The State has the responsibility to formulate appropriate development policies that are best carried out through constant dialogue with key social and economic agents on both the production and consumption sides. Economic transformation requires appropriate policies, incentives and penalties to ensure that public and private resources move in the direction in which they are optimally used. The State therefore has the responsibility for negotiating the associated conflicts between social groups as a means of establishing policies that promote economic growth and transformation, without sacrificing equity. Evidence shows that countries that have successfully transformed from agrarian economies to modern advanced ones had governments that played a proactive role in assisting the private sector in the process of structural transformation. The State should also have the capacity and competence to implement development plans and policies. It needs to set up, or, in cases where they exist, revive key planning institutions and give them the power and autonomy to do their work. It also needs to establish and institutionalize consultative and deliberative mechanisms as the necessary links through which the bureaucracy can interact with all key stakeholders. Monitoring and evaluation, as well as assessment and review, should feature strongly during implementation. Finally, the State has to forge fully encompassing relations that involve all stakeholders—civil society, public and private sectors. These arrangements enhance public participation and citizens’ ownership of national development programmes. The interactions result in a more cohesive society in which there is more efficient allocation of resources, and greater citizen accountability and transparency in governance.

Concluding remarks


I would like to conclude by stating that Africa can increase its share of global GDP to 5 percent in the next twenty years if it continues to grow at an average of 7 percent a year or earlier if the growth rate was to double and the global growth rate remains at about 3 percent per year. In addition, it seems to me that there is a growth imperative as well as a structural transformation imperative, whereby growth has to be strong, inclusive and broad-based. Furthermore, Africa should accelerate regional integration and address the binding constraints to its development capacity in governance, institutions, technology, human capital and infrastructure and launch a transformation programme capable of changing the economic structure from primarily agrarian to industrial economies.

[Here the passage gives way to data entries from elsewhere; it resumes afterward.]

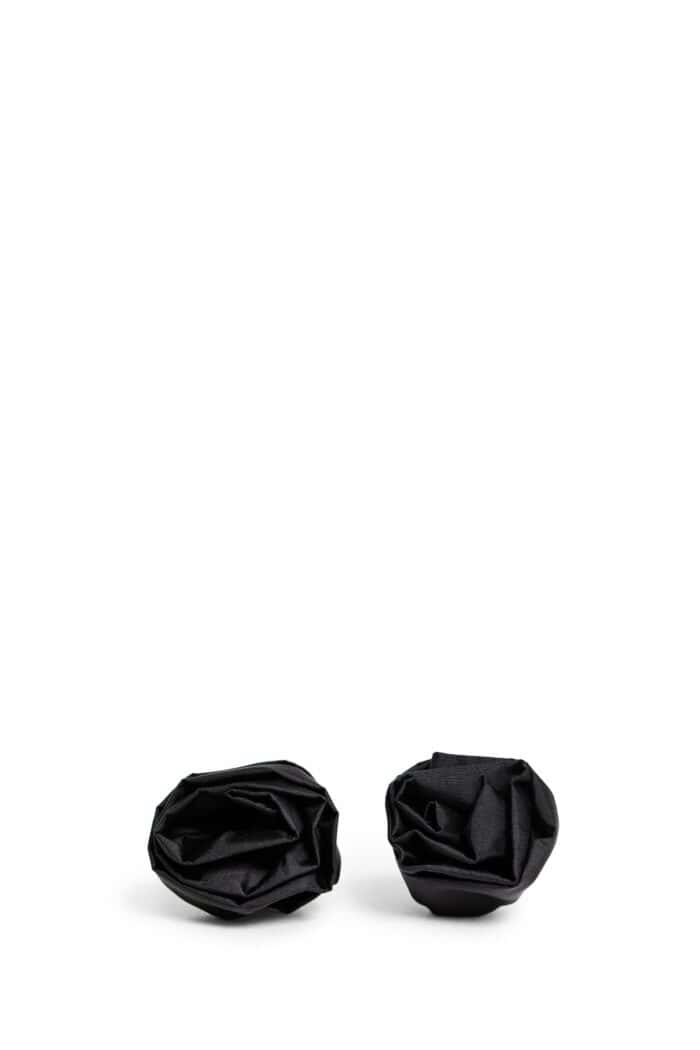 SIMONE ROCHA Rose Stud Earrings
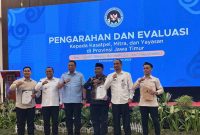 KOMPAK: SPPG Karangnangka Rubaru melakukan foto bersama usai menerima penghargaan sebagai Dapur Terbaik (Doc. Seputar Jatim)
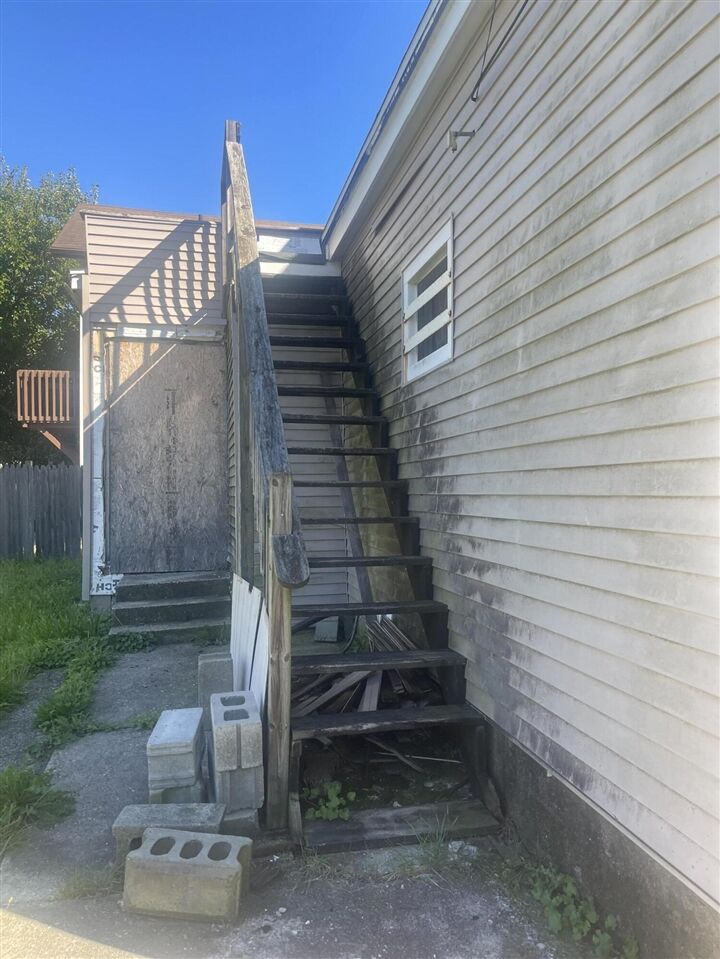 Property Photo:  701 Knapp Street  MI 49505-4274 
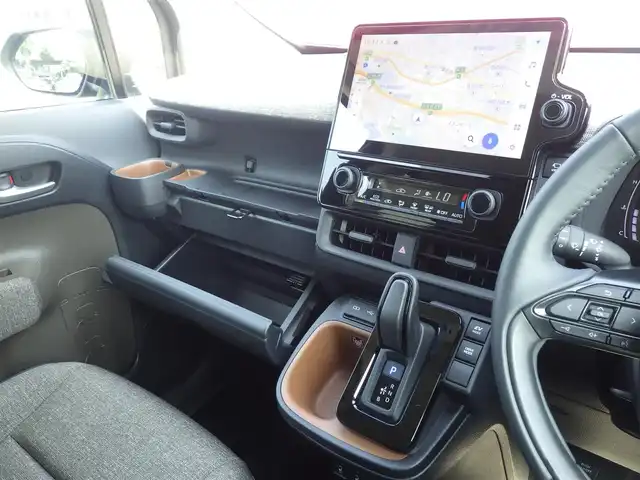 トヨタ シエンタ ハイブリッド Z 千葉県 2024(令6)年 0.8万km ダークグレー Toyota Safety Sense/・プリクラッシュセーフティ/・レーンディパーチャーアラート/・オートハイビーム/・レーダークルーズコントロール/・ブラインドスポットモニタリング/両側パワースライドドア/10.5インチ純正コネクティッドナビ/地デジTV/【Bluetooth接続】/【Apple CarPlay　Android Auto】/パノラミックビューモニター/前席シートヒーター/ドライブレコーダー/革巻きステアリング/ステアリングヒーター/ステアリングスイッチ/ETC（2.0）/LEDヘッドライト/ウインカーミラー/クリアランスソナー/サイド/カーテンエアバッグ/スマートキー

Africa’s development challenges cannot be addressed in isolation. They require concerted actions at the national, regional and international levels. They also require strengthening old partnerships and developing new ones. In this regard, there is the need for African countries to manage their new partnerships with Southern countries in a manner that promotes mutual and equitable development. In particular, African governments should take an incisive approach towards emerging Southern economic powers and develop a coherent regional strategy to ensure that trade, investment and finance from these countries serve to accelerate the continent’s development potential, create employment, promote technological progress and capital accumulation and enhance structural transformation.